§ EXERCISE AIM: Your output should be the exact lines from the start of the data through the line containing "Podcast Neon Sign Studio Wall Art Decor", with no pictures.

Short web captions
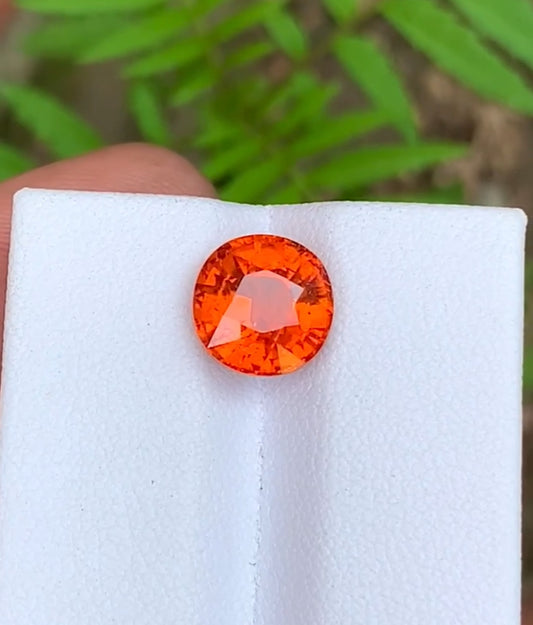 Mandarin Orange  Natural Spessarite Garnet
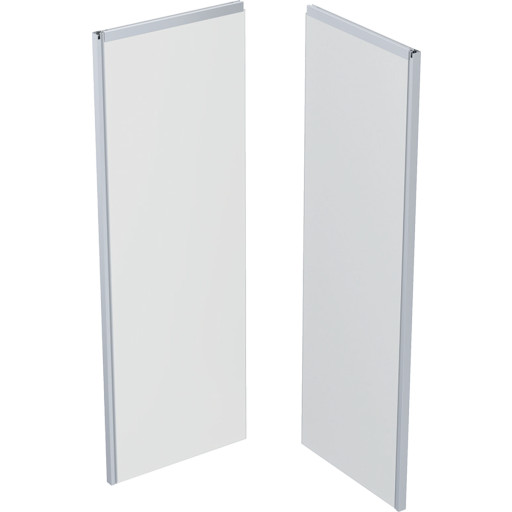 Contura Shower Showerama bagelement, brusevæg, 90x90 cm, frostet glas, aluminium profil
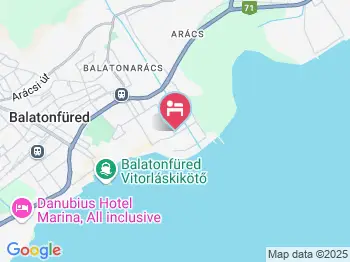 Alex Apartman Balatonfüred a térképen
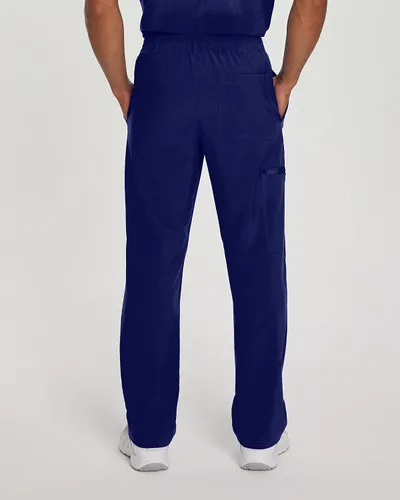 Vista 3 de Urbane Performance 9254 - Pantalones médicos de ajuste a medida con 4 bolsillos para hombre, Azul marino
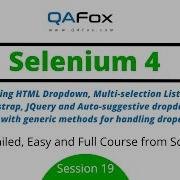 Handling HTML Bootstrap JQuery Auto Suggestive Dropdown Listbox Fields Selenium 4 Session 19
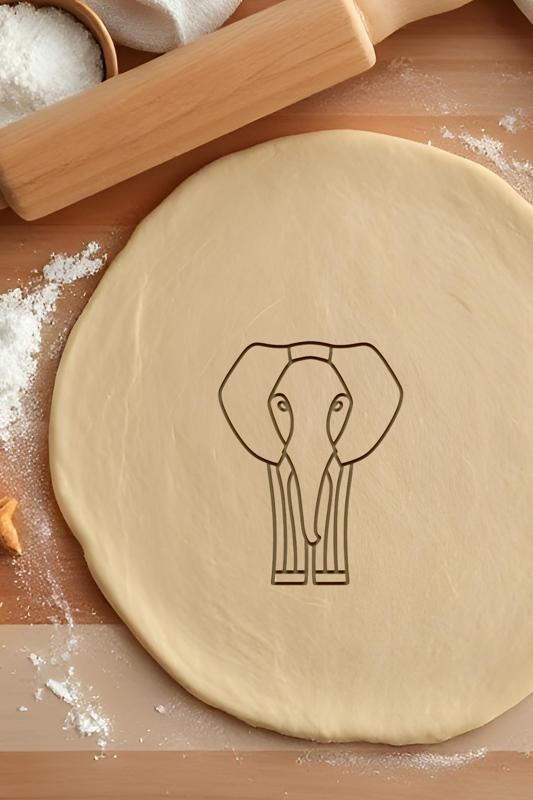 Elephant Cookie Cutter, Biscuit Cutter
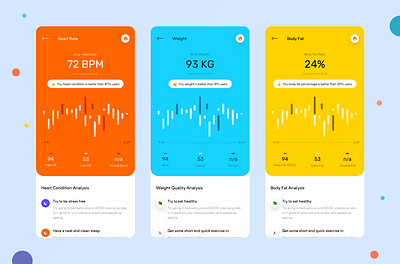 Fitness App Next Screens app clean gradient health health and fitness minimal trend trendy ui uiux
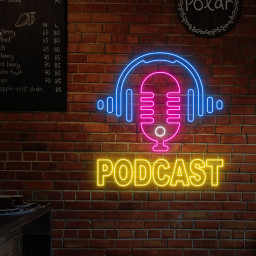 Podcast Neon Sign Studio Wall Art Decor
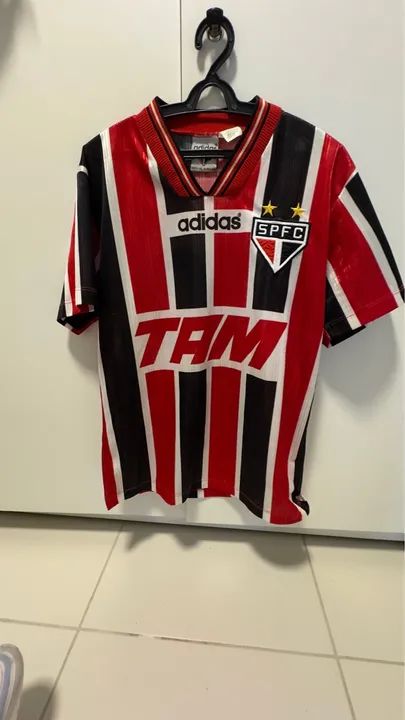Camisa Adidas São Paulo 1996 TAM Roupas Esportivas Boa Viagem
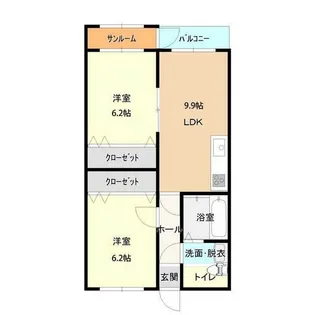 ヴィンテージ【4階】の間取り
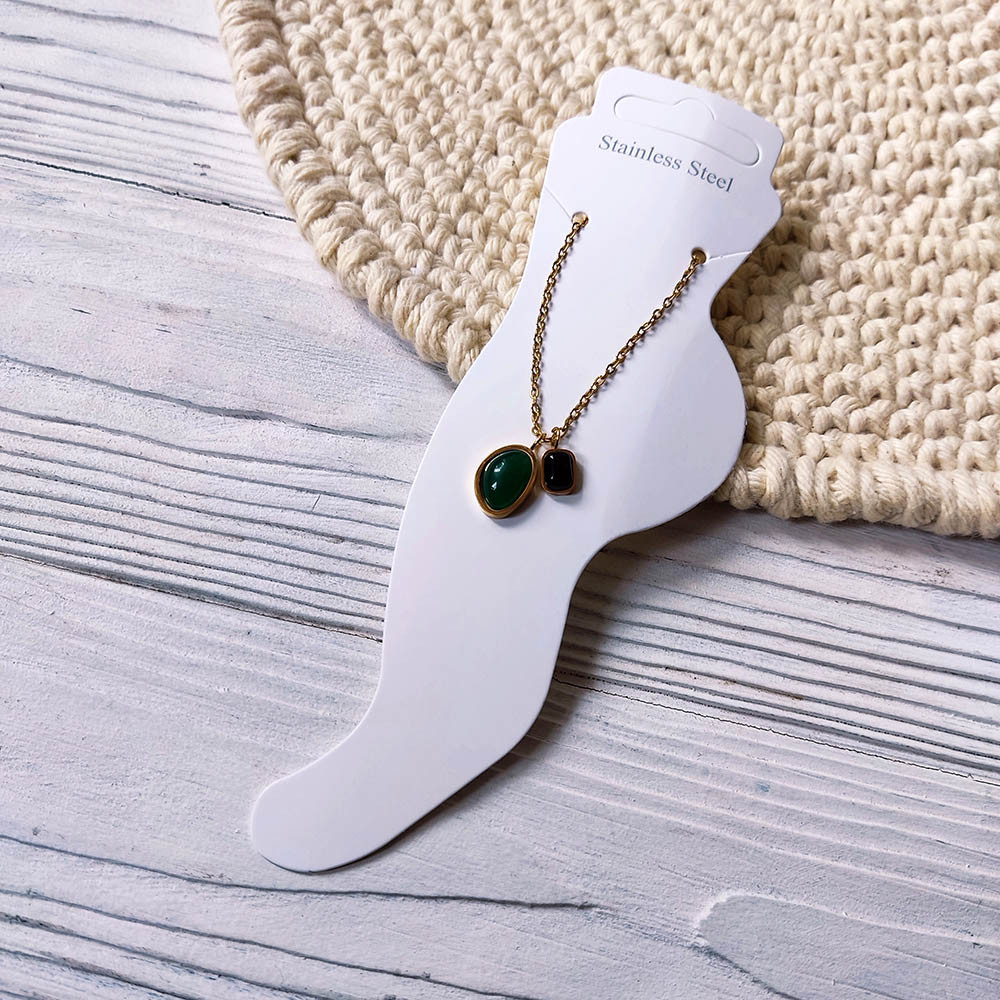 Браслет на ногу з підвісами «Смарагдова елегантність», фото 1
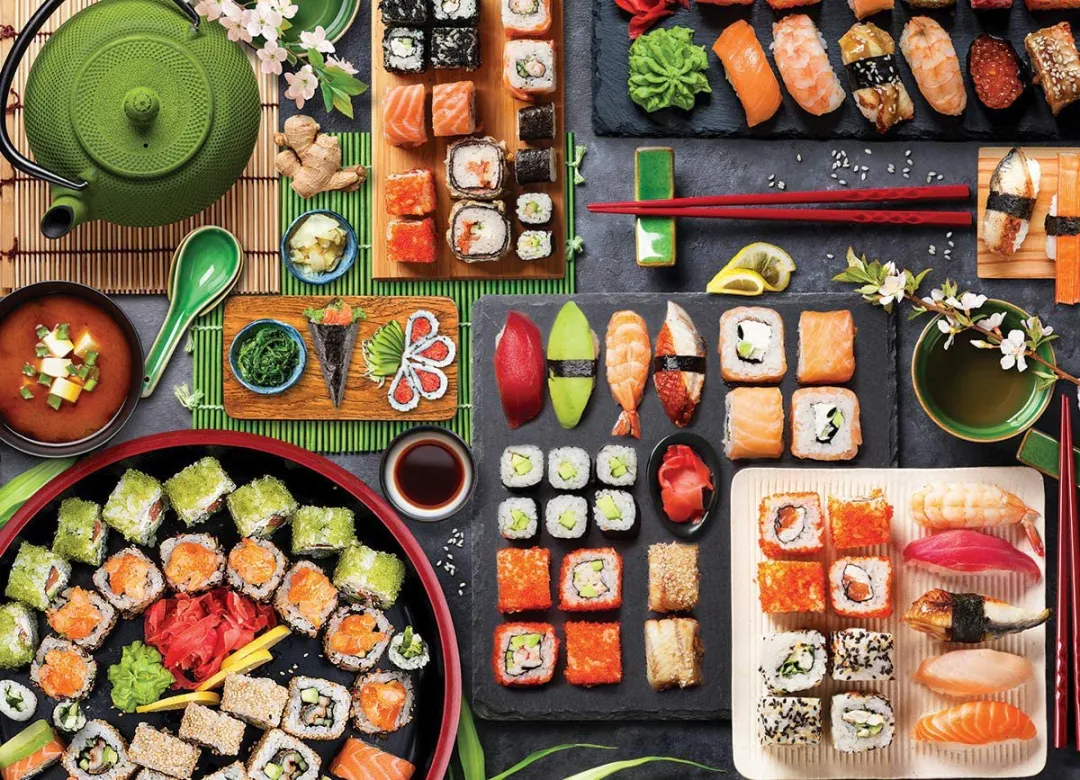 Eurographics Sushi-tafel Legpuzzel 1000 Stuks - Meerkleurig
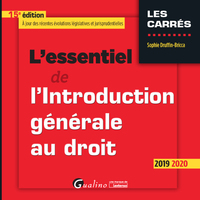 Picture of L'essentiel de l'Introduction générale au droit
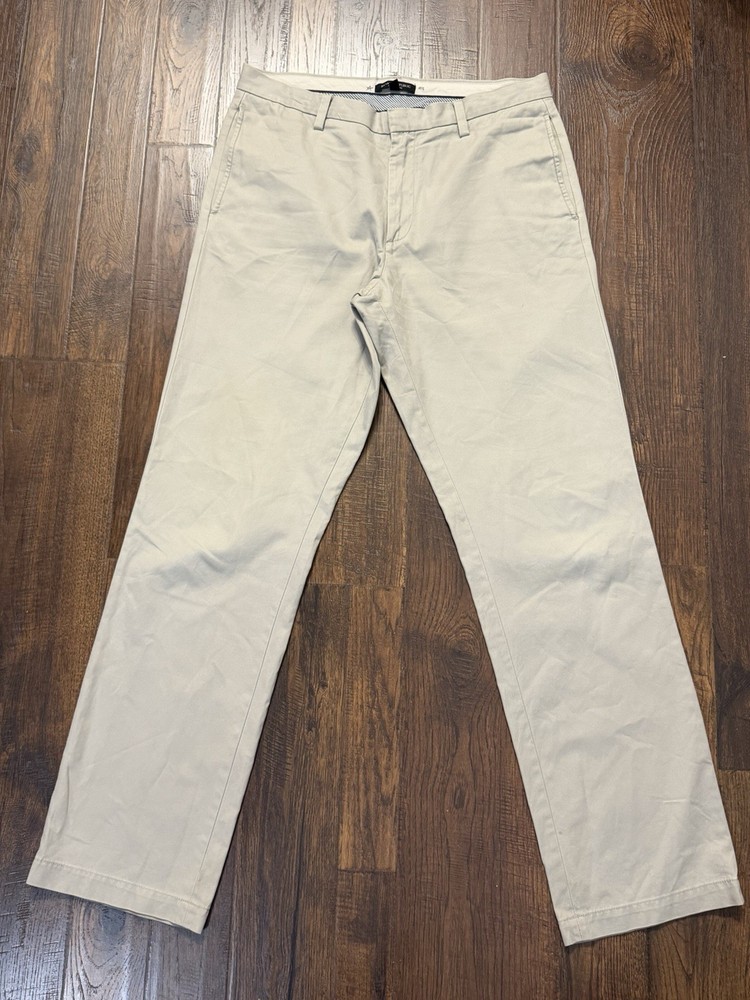 Banana Republic Gavin Chino Pants Men’s 34x33 Slim Straight Fit Workwear Preppy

§ SOLUTION TO THIS EXERCISE:
 Mandarin Orange  Natural Spessarite Garnet
 Contura Shower Showerama bagelement, brusevæg, 90x90 cm, frostet glas, aluminium profil
 Alex Apartman Balatonfüred a térképen
 Vista 3 de Urbane Performance 9254 - Pantalones médicos de ajuste a medida con 4 bolsillos para hombre, Azul marino
 Handling HTML Bootstrap JQuery Auto Suggestive Dropdown Listbox Fields Selenium 4 Session 19
 Elephant Cookie Cutter, Biscuit Cutter
 Fitness App Next Screens app clean gradient health health and fitness minimal trend trendy ui uiux
 Podcast Neon Sign Studio Wall Art Decor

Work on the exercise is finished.